To define the pluripotent and undifferentiated state of human embryonic stem cells (hESCs), cell-surface molecules such as SSEA1, SSEA3, SSEA4, Tra-1–60, and Tra-1–81 have been generally used (Andrews et al. 1984; Kannagi et al. 1983; Laslett et al. 2003). The surface molecules, however, are associated with carbohydrate epitopes, and their function in the pluripotent and undifferentiated state of hESCs has been uncertain to date (Badcock et al. 1999; Brimble et al. 2007).
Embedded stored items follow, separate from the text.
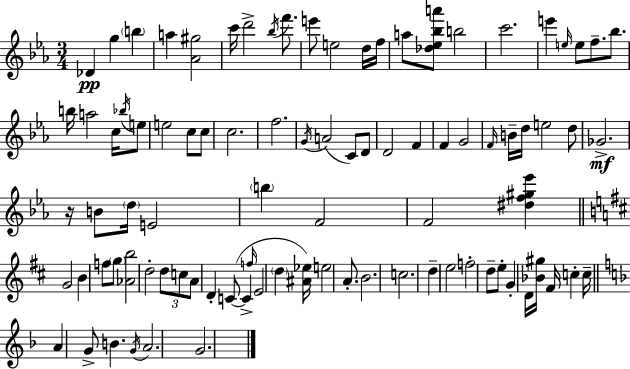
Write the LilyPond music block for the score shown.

{
  \clef treble
  \numericTimeSignature
  \time 3/4
  \key c \minor
  des'4\pp g''4 \parenthesize b''4 | a''4 <aes' gis''>2 | c'''16 d'''2-> \acciaccatura { bes''16 } f'''8. | e'''8 e''2 d''16 | \break f''16 a''8 <des'' ees'' bes'' a'''>8 b''2 | c'''2. | e'''4 \grace { e''16 } e''8 f''8.-- bes''8. | b''16 a''2 c''16 | \break \acciaccatura { bes''16 } e''8 e''2 c''8 | c''8 c''2. | f''2. | \acciaccatura { g'16 }( a'2 | \break c'8) d'8 d'2 | f'4 f'4 g'2 | \grace { f'16 } b'16-- d''16 e''2 | d''8 ges'2.->\mf | \break r16 b'8 \parenthesize d''16 e'2 | \parenthesize b''4 f'2 | f'2 | <dis'' f'' gis'' ees'''>4 \bar "||" \break \key d \major g'2 b'4 | f''8 \parenthesize g''8 <aes' b''>2 | d''2-. \tuplet 3/2 { d''8 c''8 | a'8 } d'4-. c'8~(~ c'4-> | \break \grace { f''16 } e'2 \parenthesize d''4 | <ais' ees''>16) e''2 a'8.-. | b'2. | c''2. | \break d''4-- e''2 | f''2-. d''8-- e''8-. | g'4-. d'16 <bes' gis''>16 fis'16 c''4-. | c''16-- \bar "||" \break \key f \major a'4 g'8-> b'4. | \acciaccatura { g'16 } a'2. | g'2. | \bar "|."
}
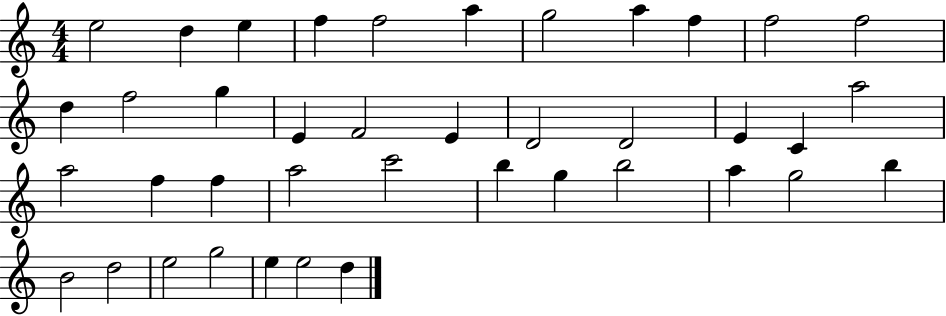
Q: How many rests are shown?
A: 0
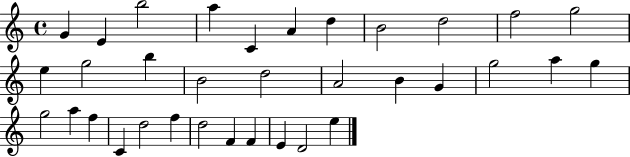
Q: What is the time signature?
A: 4/4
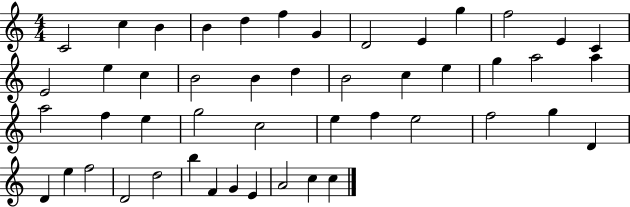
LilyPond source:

{
  \clef treble
  \numericTimeSignature
  \time 4/4
  \key c \major
  c'2 c''4 b'4 | b'4 d''4 f''4 g'4 | d'2 e'4 g''4 | f''2 e'4 c'4 | \break e'2 e''4 c''4 | b'2 b'4 d''4 | b'2 c''4 e''4 | g''4 a''2 a''4 | \break a''2 f''4 e''4 | g''2 c''2 | e''4 f''4 e''2 | f''2 g''4 d'4 | \break d'4 e''4 f''2 | d'2 d''2 | b''4 f'4 g'4 e'4 | a'2 c''4 c''4 | \break \bar "|."
}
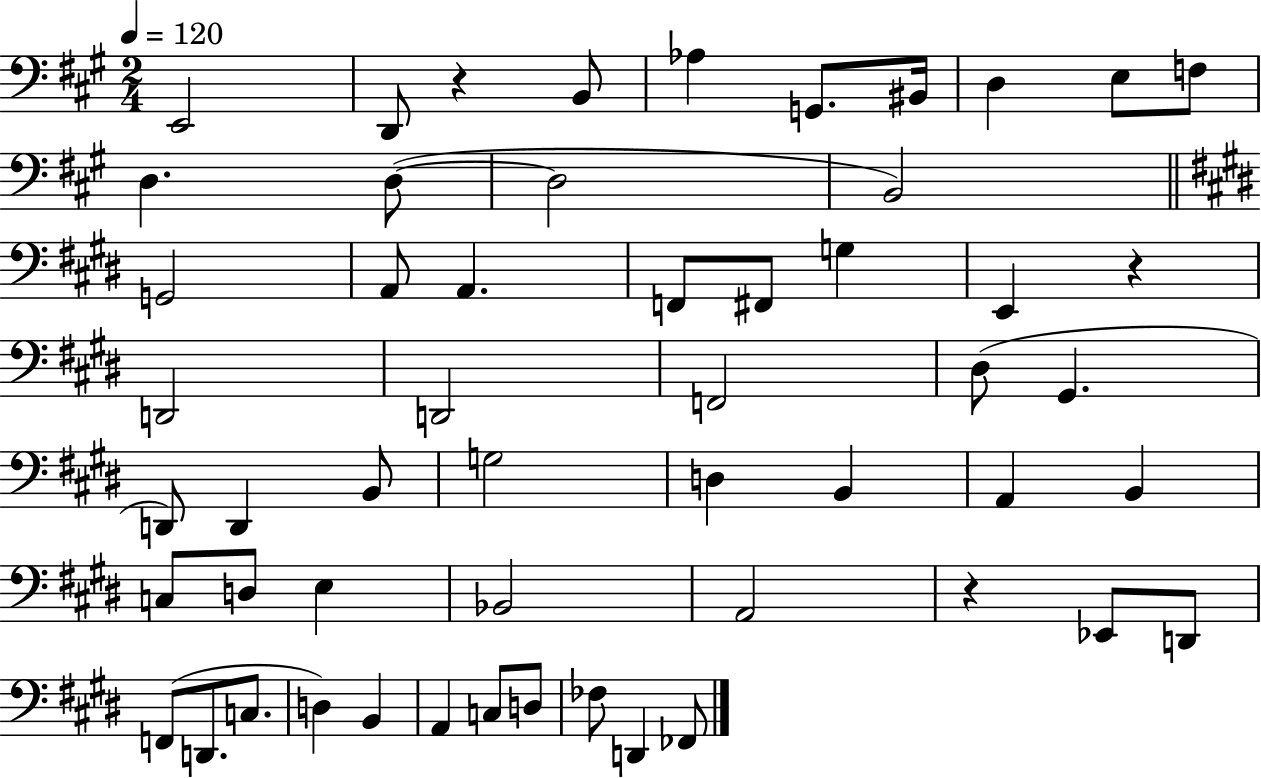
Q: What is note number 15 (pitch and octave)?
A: A2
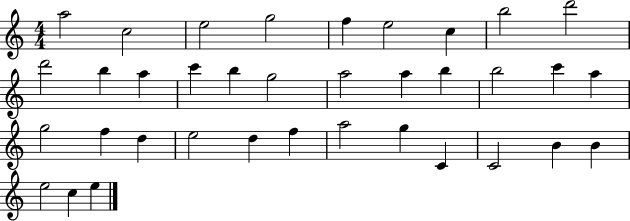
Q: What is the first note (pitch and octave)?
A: A5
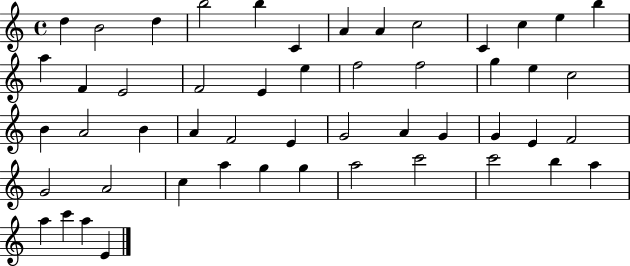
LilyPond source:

{
  \clef treble
  \time 4/4
  \defaultTimeSignature
  \key c \major
  d''4 b'2 d''4 | b''2 b''4 c'4 | a'4 a'4 c''2 | c'4 c''4 e''4 b''4 | \break a''4 f'4 e'2 | f'2 e'4 e''4 | f''2 f''2 | g''4 e''4 c''2 | \break b'4 a'2 b'4 | a'4 f'2 e'4 | g'2 a'4 g'4 | g'4 e'4 f'2 | \break g'2 a'2 | c''4 a''4 g''4 g''4 | a''2 c'''2 | c'''2 b''4 a''4 | \break a''4 c'''4 a''4 e'4 | \bar "|."
}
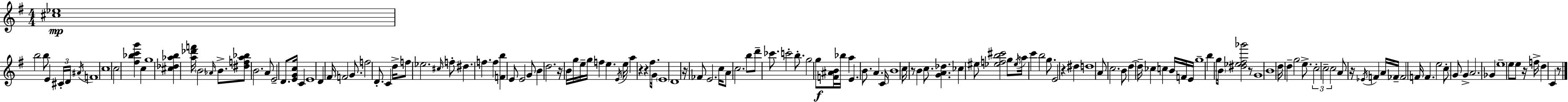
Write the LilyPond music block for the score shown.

{
  \clef treble
  \numericTimeSignature
  \time 4/4
  \key g \major
  <cis'' ees''>1\mp | b''2 b''8 e'4 \tuplet 3/2 { cis'16-. d'16 | \acciaccatura { ais'16 } } f'1 | c''1 | \break c''2 <fis'' bes'' c''' g'''>4 c''4 | g''1 | <cis'' des'' aes'' b''>4 <a'' des''' f'''>16 \parenthesize b'2 \grace { aes'16 } b'8.-> | <dis'' f'' a'' bes''>8 b'2. | \break a'8 e'2-- d'8. <e' g' c''>16 c'4 | e'1 | d'4 fis'16 f'2 g'8. | f''2 d'8.-. c'4 | \break d''16-> f''8 ees''2. | \grace { cis''16 } f''8-. dis''4. f''4. f''4 | <f' b''>4 e'8 e'2 | g'8 b'4 d''2. | \break r16 b'16 g''16 e''16-- g''16 f''4 e''4. | \acciaccatura { e'16 } e''16 a''4 r4 r4 | fis''8. g'16 \parenthesize e'1 | d'1 | \break r16 fes'8 e'2. | c''16 a'8 c''2. | b''8 d'''8-- ces'''8. c'''2-. | b''8.-. g''2 g''8\f <f' ais' b'>16 bes''16 | \break a''4 e'4. b'8. a'4. | c'16 b'1 | c''16 r8 b'4 c''8. <g' a' des''>4. | ces''4 eis''8 <ees'' f'' b'' cis'''>2 | \break g''8 \acciaccatura { ees''16 } a''16 c'''4 b''2 | g''8. e'2 r4 | dis''4 d''1 | a'8 c''2. | \break b'8 d''4~~ d''16-- ces''4 c''4 | b'16 f'16 e'16 g''1-- | b''4 g''16 \parenthesize b'16 <dis'' ees'' fis'' ges'''>2 | r8 g'1 | \break b'1 | d''16 d''4-- g''2 | e''8.-> \tuplet 3/2 { c''2-. c''2-- | c''2 } a'8 r16 | \break \acciaccatura { ees'16 } f'4 a'16 fes'16-- fes'2 f'16 | f'4. e''2 c''8-. | g'8 g'4-> a'2. | ges'4 e''1-- | \break e''8 e''8 r16 f''16-> d''4 | c'4 r8 \bar "|."
}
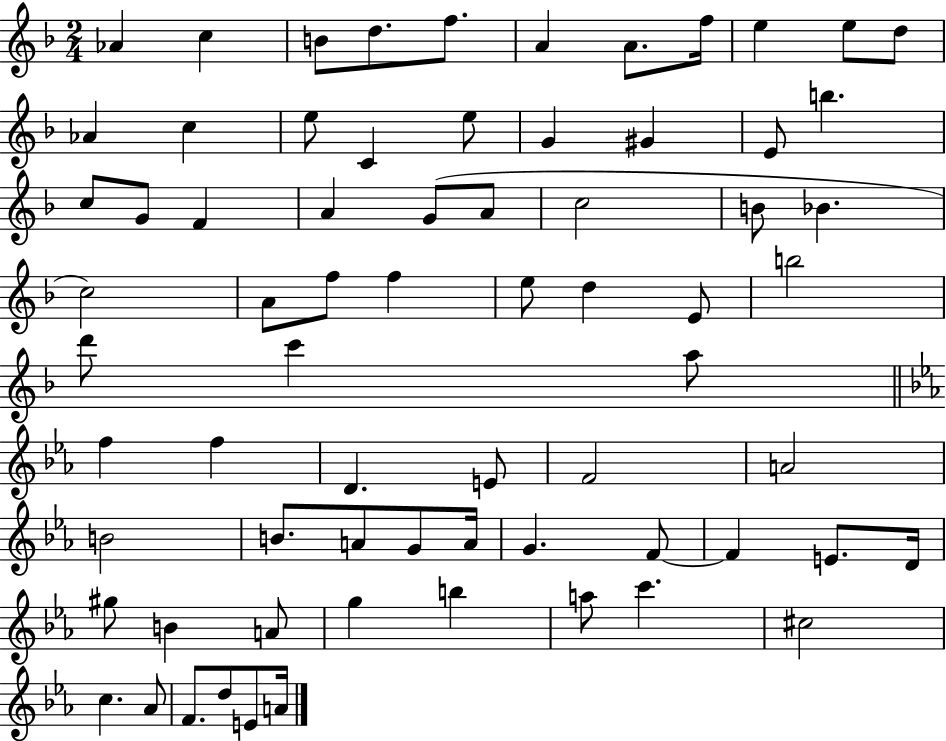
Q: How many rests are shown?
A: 0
Some surface molecules such as CD9, E-cadherin, and PODXL have also been sporadically identified on hESCs in the undifferentiated state, but their function in the pluripotent and undifferentiated state of hESCs is also unknown (Cai et al. 2005; Carpenter et al. 2004). Recently, two studies have shown that IGF1R and ERBB2 play an important role in the survival and self-renewal of pluripotent hESCs (Bendall et al. 2007; Wang et al. 2007). In order to improve the definition and to study the undifferentiated and pluripotent state of hESCs, we need to identify surface molecules on undifferentiated hESCs systemically. Thus, for the efficient generation of a panel of monoclonal antibodies (MAbs) that bind to undifferentiated hESCs, but not to differentiated hESCs, we have used retinoic acid (RA)-treated hESCs as a decoy immunogen and generated a panel of MAbs that specifically recognize the cell-surface antigens expressed on the undifferentiated hESCs by a modification of a previously described decoy immunization strategy (Yin et al. 1997).
Materials and methods
Cell culture
hESC lines (H1 and H9) were cultured according to the protocols provided by the Wicell Research Institute (http://www.wicell.org/index.php). Briefly, cells were cultured on a layer of irradiated CF1 mouse embryonic fibroblast (MEF, Charles River Laboratories, Wilmington, Mass.) feeder cells in DMEM/F12 medium (Invitrogen, Seoul, Korea), supplemented with 20% serum replacement (Invitrogen), 0.1 mM 2-mercaptoethanol, 1% non-essential amino acids, 1 mM glutamine, 100 U/ml penicillin G, 100 μg/ml streptomycin, and 4 ng/ml basic fibroblast growth factor (PeproTech, Rocky Hill, N.J.). The hESC colonies were subcultured every 5 days by detaching the clumps with 1 mg/ml collagenase IV (Invitrogen). Differentiation of H9 cells was induced by incorporating all-trans-RA (Sigma-Aldrich, Seoul, Korea) at 10–5 M into the medium and culturing the cells for at least 20 days. Human embryoid body (EB) was prepared from H9 cell colonies as described previously (Chadwick et al. 2003). Mouse embryonic stem cell (mESC) line J1 was cultured on a irradiated CF1 MEF in DMEM (Invitrogen) supplemented with 15% fetal bovine serum (FBS; Invitrogen), 0.1 mM 2-mercaptoethanol, 0.1 mM non-essential amino acids, 1 mM glutamine, 100 U/ml penicillin G, 100 μg/ml streptomycin, and 500 U/ml leukemia inhibitory factor (PeproTech; Li et al. 1992). Human peripheral blood mononuclear cells (PBMCs) were isolated by the Ficoll-Paque Plus method (GE Healthcare, Seoul, Korea). Lung carcinoma cell line A549 (CCL-185, ATCC, Manassas, Va.) was cultured in DMEM supplemented with 10% FBS and antibiotics.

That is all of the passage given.